Music Hall
Há noites que são para ser noites que nunca se hão-de esquecer. Num bairro lisboeta, como os há na cidade, numa casa igual a tantas outras três pessoas combinaram uma conspiração. Combinaram a conspiração dos males do mundo: fizeram-lhes o diagnóstico e apresentaram as soluções.
[E um rádio tocava música saída de um rádio com transístores ou válvulas, porque era um rádio antigo. Era mesmo um rádio antigo: tocava jazz perdido no tempo. Senti-me bem em casa.]
As soluções brindavam-se com copos de vinho tinto e as horas passavam, os sorrisos permaneciam numa noite que estava vista de inúmeras outras formas. Porque foi uma noite de revolução. Todas as noites, numa cozinha minúscula, com uma toalha de xadrez vermelho e branco e copos de vinho são noites de conspiração e revolução.
[O rádio ouvia-se ao longe, noutra divisão, mas não fazia mal. Era uma conspiração caseira, não cozinhada. O jazz parou e a conversa suspendeu-se. Ouviram-se doze vezes o mesmo som monótono: e depois, o jazz retomou exactamente onde tinha ficado, como se alguém o tivesse posto em pausa, durante os últimos doze segundos.]

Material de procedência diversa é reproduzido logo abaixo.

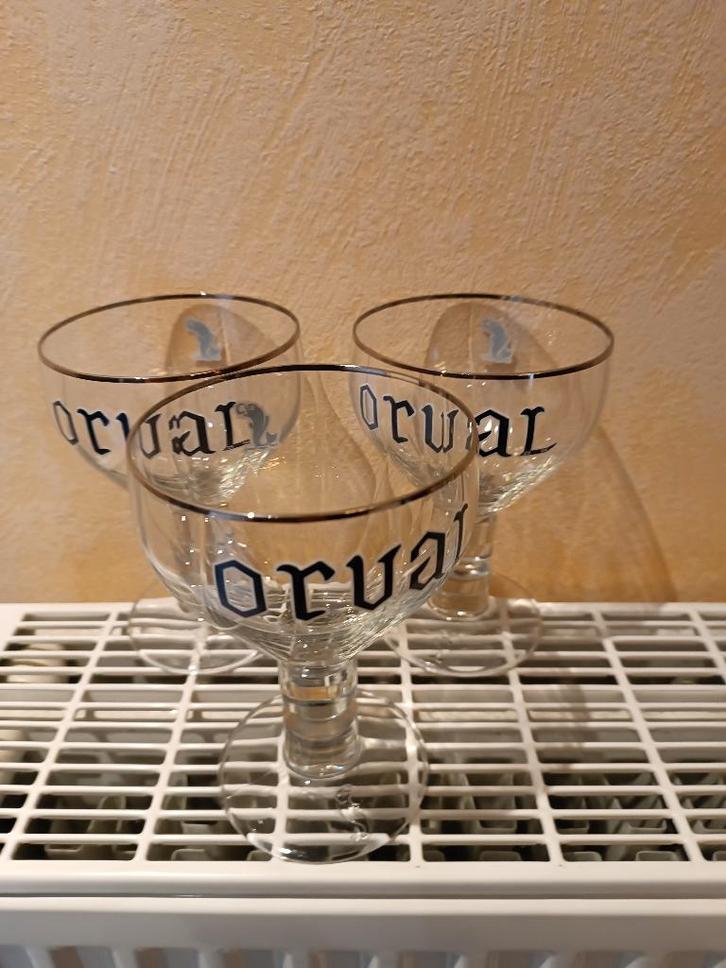 A vendre 5 verres orval, Collections, Verres & Petits Verres, Utilisé, Verre à bière, Enlèvement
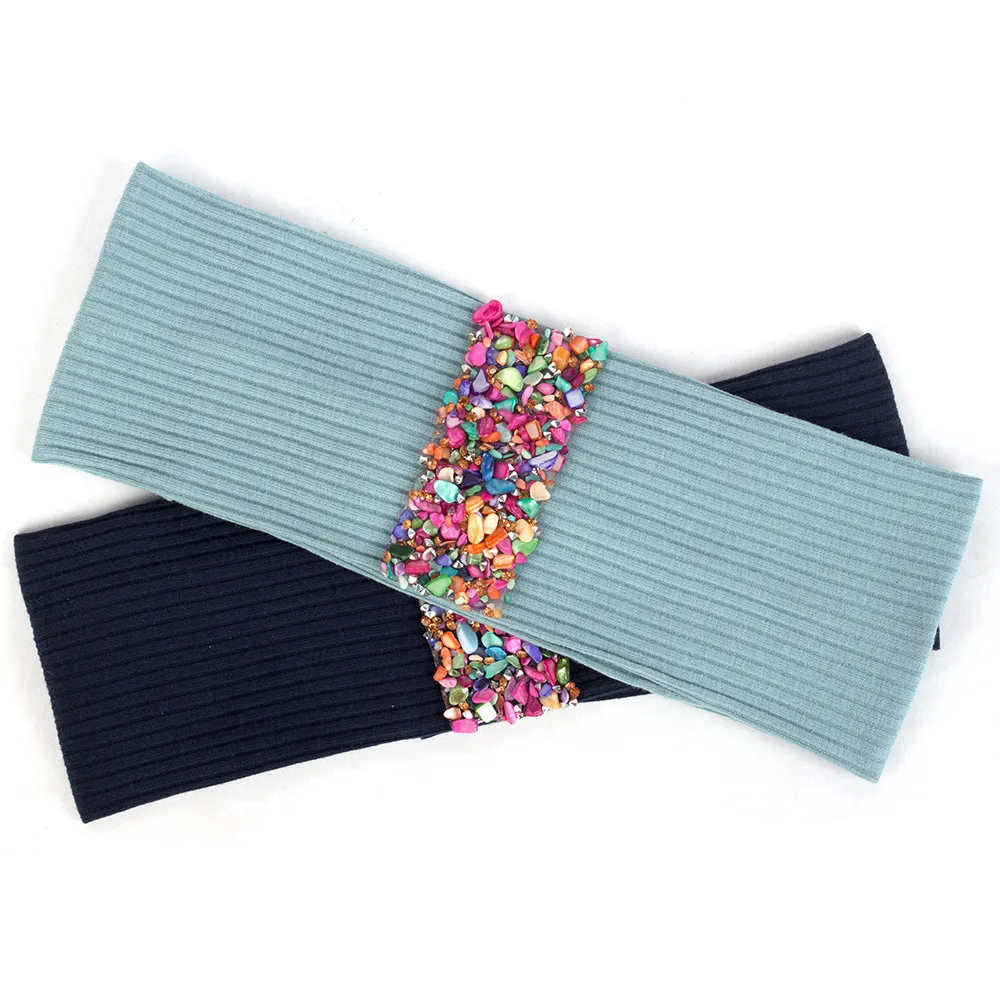 Женский резиновый головной убор в стиле бохо Женская эластичная плоская повязка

O que decide a passagem de um ano para outro? A fronteira é mesmo as 23h59’59’’ de um dia e as 00h00’01’’ do outro? Quem decide? Fará mesmo sentido que se decida um dia para se mudar de ano e se passar com as pessoas de quem se gosta. Se gostamos mesmo das pessoas não se passa um dia por ano com elas, ou não se marca uma data para passar com elas. O ano demora um ano a passar. Então vamos passar um ano juntos, vamos passar uma vida juntos. Queres?
Sei que o jazz continuou, já sem estar entre parênteses, assim como a conspiração. Mas conspirava-se mesmo o quê? Espera, espera. Antes dos males do mundo. É que a música bulia mesmo com os meus nervos, mexia-se em mim. Sempre tive esta sensação com a música, mas estava a ser diferente, sentia-me mesmo transportado para outro lugar qualquer. Mas estava ali e estava onde queria estar com as pessoas com quem queria estar – faltavam algumas – e naquele dia, naquela casa, naquela incompreensível transição, numa conspiração com cheiro de revolução.
Era tarde quando os conspiradores se resolveram a descansar. É preciso recuperar forças para a revolução.
Mas então conspirava-se o quê?
Ah, os males do mundo. É que quando gostamos das pessoas já nem queremos saber dos pretextos, queremos é estar com elas. Pois, os males do mundo. E os nossos bens.